The full list of fixes in Chrome is: 

  • [49377] High CVE-2011-2835: Race condition in the certificate cache. Credit to Ryan Sleevi of the Chromium development community.
  • [51464] Low CVE-2011-2836: Infobar the Windows Media Player plug-in to avoid click-free access to the system Flash. Credit to electronixtar.
  • [Linux only] [57908] Low CVE-2011-2837: Use PIC / pie compiler flags. Credit to wbrana.
  • [75070] Low CVE-2011-2838: Treat MIME type more authoritatively when loading plug-ins. Credit to Michal Zalewski of the Google Security Team.
  • [76771] High CVE-2011-2839: Crash in v8 script object wrappers. Credit to Kostya Serebryany of the Chromium development community.
  • [78427] [83031] Low CVE-2011-2840: Possible URL bar spoofs with unusual user interaction. Credit to kuzzcc.
  • [$500] [78639] High CVE-2011-2841: Garbage collection error in PDF. Credit to Mario Gomes.
  • [Mac only] [80680] Low CVE-2011-2842: Insecure lock file handling in the Mac installer. Credit to Aaron Sigel of vtty.com.
  • [82438] Medium CVE-2011-2843: Out-of-bounds read with media buffers. Credit to Kostya Serebryany of the Chromium development community.

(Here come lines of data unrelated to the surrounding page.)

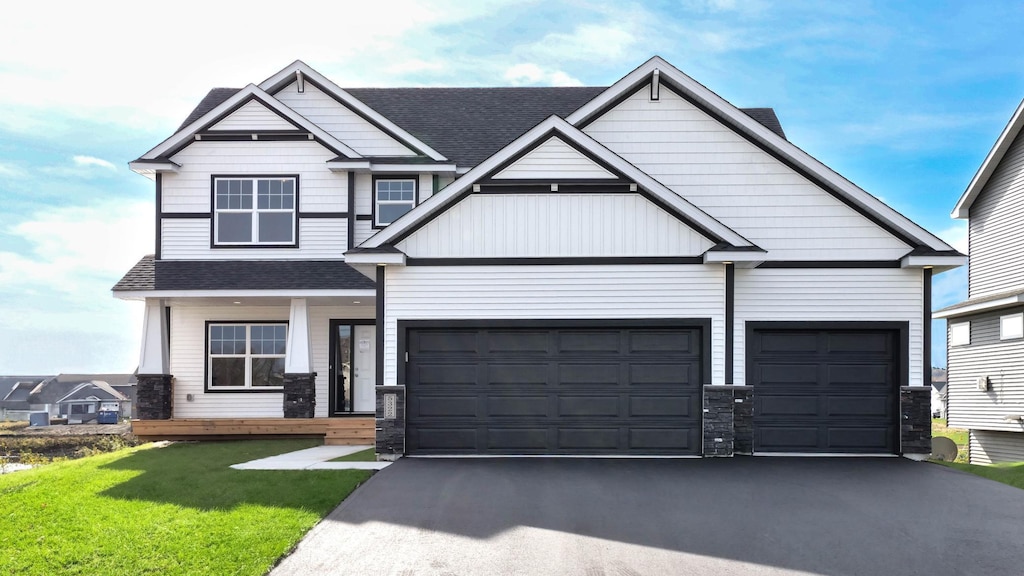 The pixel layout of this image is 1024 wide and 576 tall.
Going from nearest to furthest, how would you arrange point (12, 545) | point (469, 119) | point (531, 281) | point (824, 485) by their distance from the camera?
1. point (12, 545)
2. point (824, 485)
3. point (531, 281)
4. point (469, 119)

  • [85041] Medium CVE-2011-2844: Out-of-bounds read with mp3 files. Credit to Mario Gomes.
  • [$1000] [89219] High CVE-2011-2846: Use-after-free in unload event handling. Credit to Arthur Gerkis.
  • [$1000] [89330] High CVE-2011-2847: Use-after-free in document loader. Credit to miaubiz.
  • [$500] [89564] Medium CVE-2011-2848: URL bar spoof with forward button. Credit to Jordi Chancel.
  • [89795] Low CVE-2011-2849: Browser NULL pointer crash with WebSockets. Credit to Arthur Gerkis.
  • [$500] [89991] Medium CVE-2011-3234: Out-of-bounds read in box handling. Credit to miaubiz.
  • [90134] Medium CVE-2011-2850: Out-of-bounds read with Khmer characters. Credit to miaubiz.
  • [90173] Medium CVE-2011-2851: Out-of-bounds read in video handling. Credit to Google Chrome Security Team (Inferno).
  • [$500] [91120] High CVE-2011-2852: Off-by-one in v8. Credit to Christian Holler.
  • [91197] High CVE-2011-2853: Use-after-free in plug-in handling. Credit to Google Chrome Security Team (SkyLined).
  • [$1000] [92651] [94800] High CVE-2011-2854: Use-after-free in ruby / table style handing. Credit to Sławomir Błażek, and independent later discoveries by miaubiz and Google Chrome Security Team (Inferno).
  • [$1000] [92959] High CVE-2011-2855: Stale node in stylesheet handling. Credit to Arthur Gerkis.
  • [$2000] [93416] High CVE-2011-2856: Cross-origin bypass in v8. Credit to Daniel Divricean.
  • [$1000] [93420] High CVE-2011-2857: Use-after-free in focus controller. Credit to miaubiz.
  • [$1000] [93472] High CVE-2011-2834: Double free in libxml XPath handling. Credit to Yang Dingning from NCNIPC, Graduate University of Chinese Academy of Sciences.
  • [93497] Medium CVE-2011-2859: Incorrect permissions assigned to non-gallery pages. Credit to Bernhard ‘Bruhns’ Brehm of Recurity Labs.
  • [$1000] [93587] High CVE-2011-2860: Use-after-free in table style handling. Credit to miaubiz.
  • [93596] Medium CVE-2011-2861: Bad string read in PDF. Credit to Aki Helin of OUSPG.
  • [$2337] [93906] High CVE-2011-2862: Unintended access to v8 built-in objects. Credit to Sergey Glazunov.
  • [95563] Medium CVE-2011-2864: Out-of-bounds read with Tibetan characters. Credit to Google Chrome Security Team (Inferno).
  • [95625] Medium CVE-2011-2858: Out-of-bounds read with triangle arrays. Credit to Google Chrome Security Team (Inferno).
  • [95917] Low CVE-2011-2874: Failure to pin a self-signed cert for a session. Credit to Nishant Yadant of VMware and Craig Chamberlain (@randomuserid).
  • [$1000] [95920] High CVE-2011-2852: Type confusion in v8 object sealing. Credit to Christian Holler.